• The task
For the records below, please print exactly and only the lines from the one with "K26-700M-6-KITE" down to the one with "ISBN 978-3-89963-784-7", both ends included, omitting the pictures.

• Input for this task

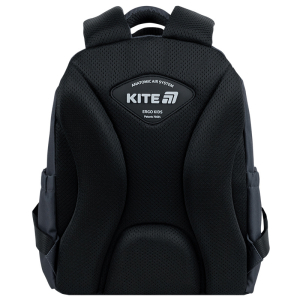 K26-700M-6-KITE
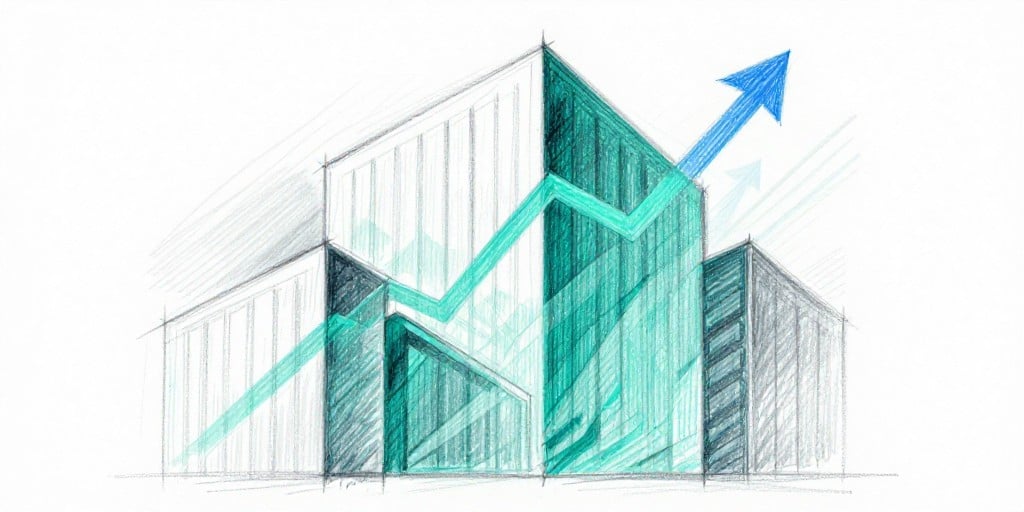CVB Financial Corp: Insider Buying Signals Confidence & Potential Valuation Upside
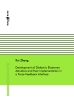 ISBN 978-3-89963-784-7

...

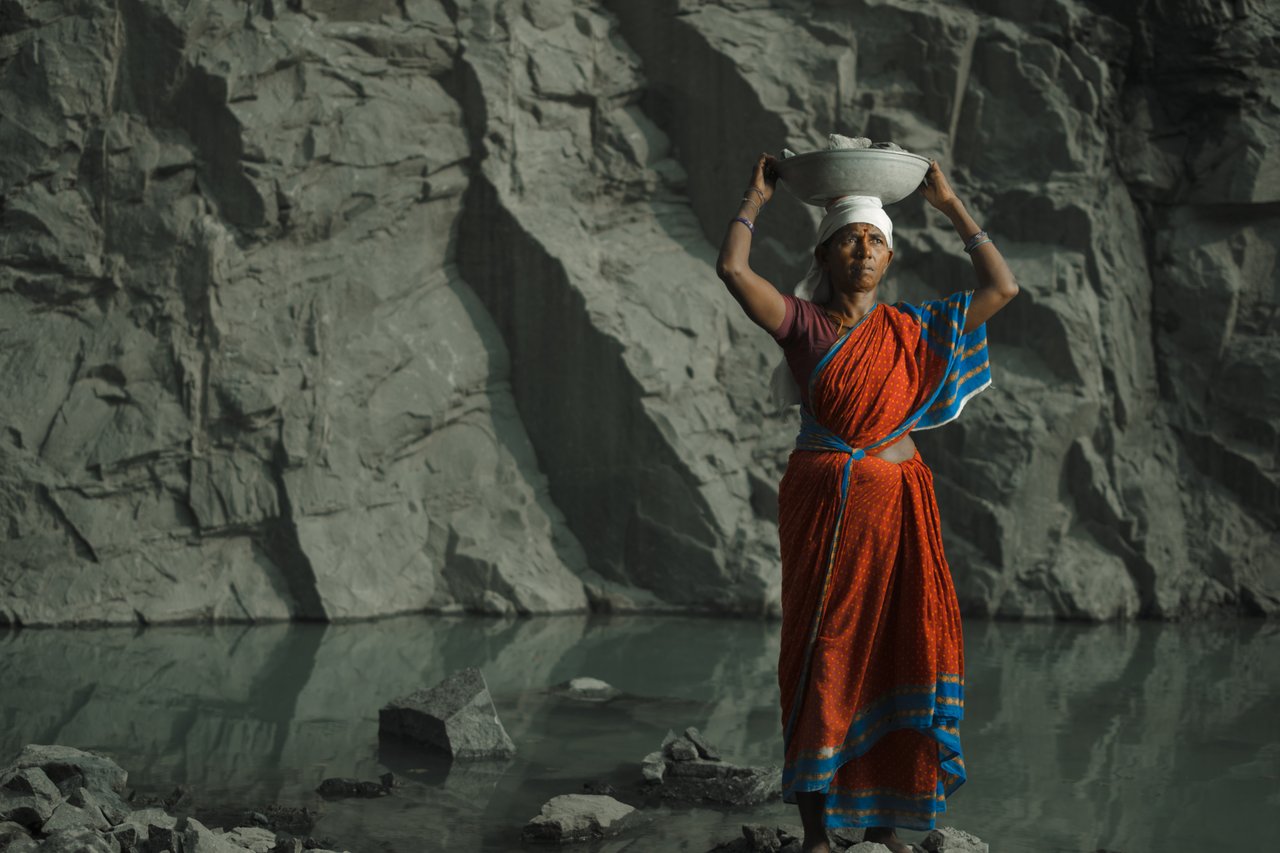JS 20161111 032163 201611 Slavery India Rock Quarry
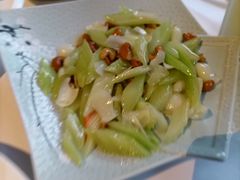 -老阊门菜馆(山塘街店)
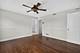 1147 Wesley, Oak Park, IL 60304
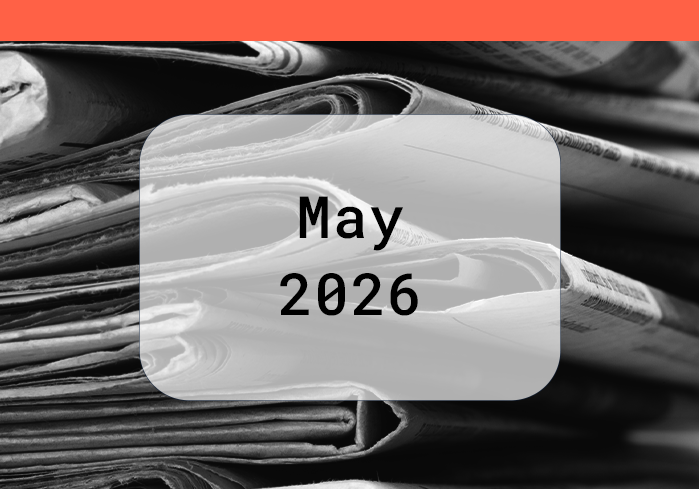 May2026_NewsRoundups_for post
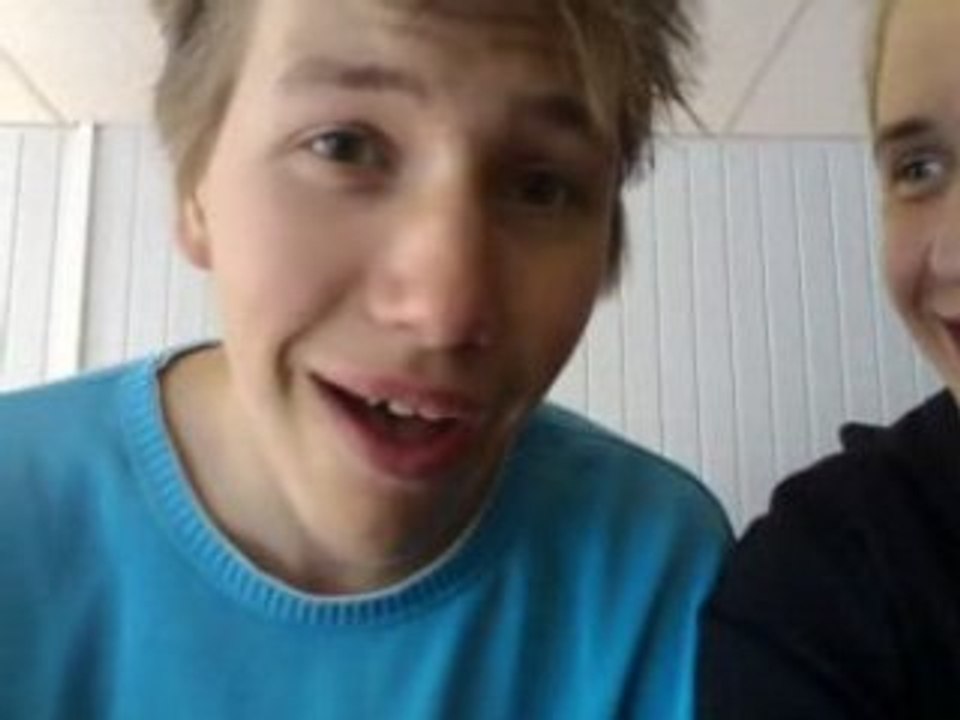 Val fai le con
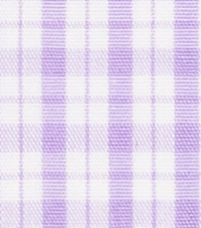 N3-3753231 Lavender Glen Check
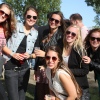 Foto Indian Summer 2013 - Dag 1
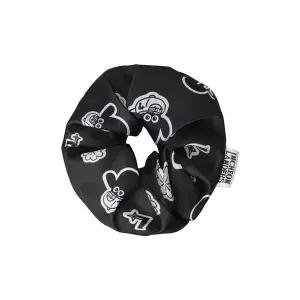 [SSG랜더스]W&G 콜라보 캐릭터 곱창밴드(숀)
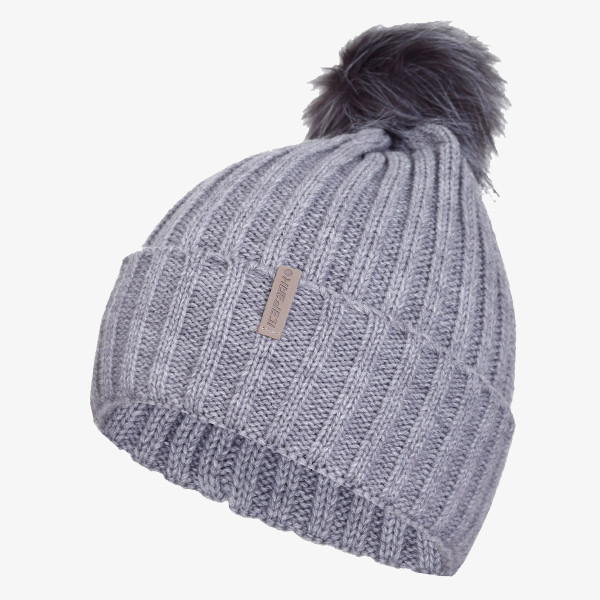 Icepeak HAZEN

---

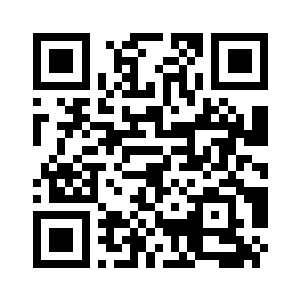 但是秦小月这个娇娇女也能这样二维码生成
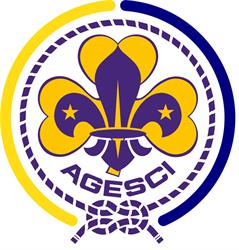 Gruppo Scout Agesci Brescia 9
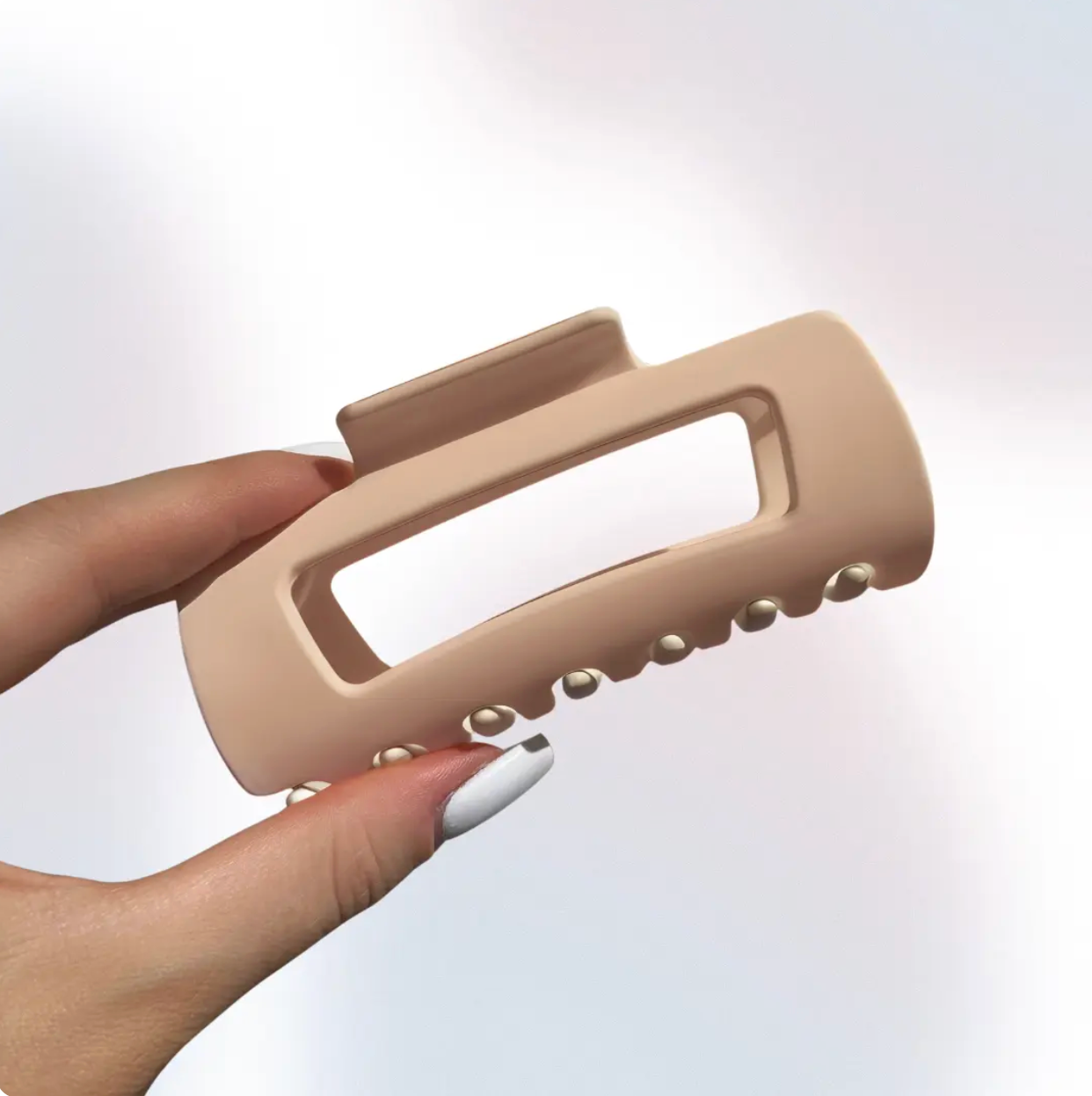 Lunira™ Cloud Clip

• Final answer
 K26-700M-6-KITE
CVB Financial Corp: Insider Buying Signals Confidence & Potential Valuation Upside
 ISBN 978-3-89963-784-7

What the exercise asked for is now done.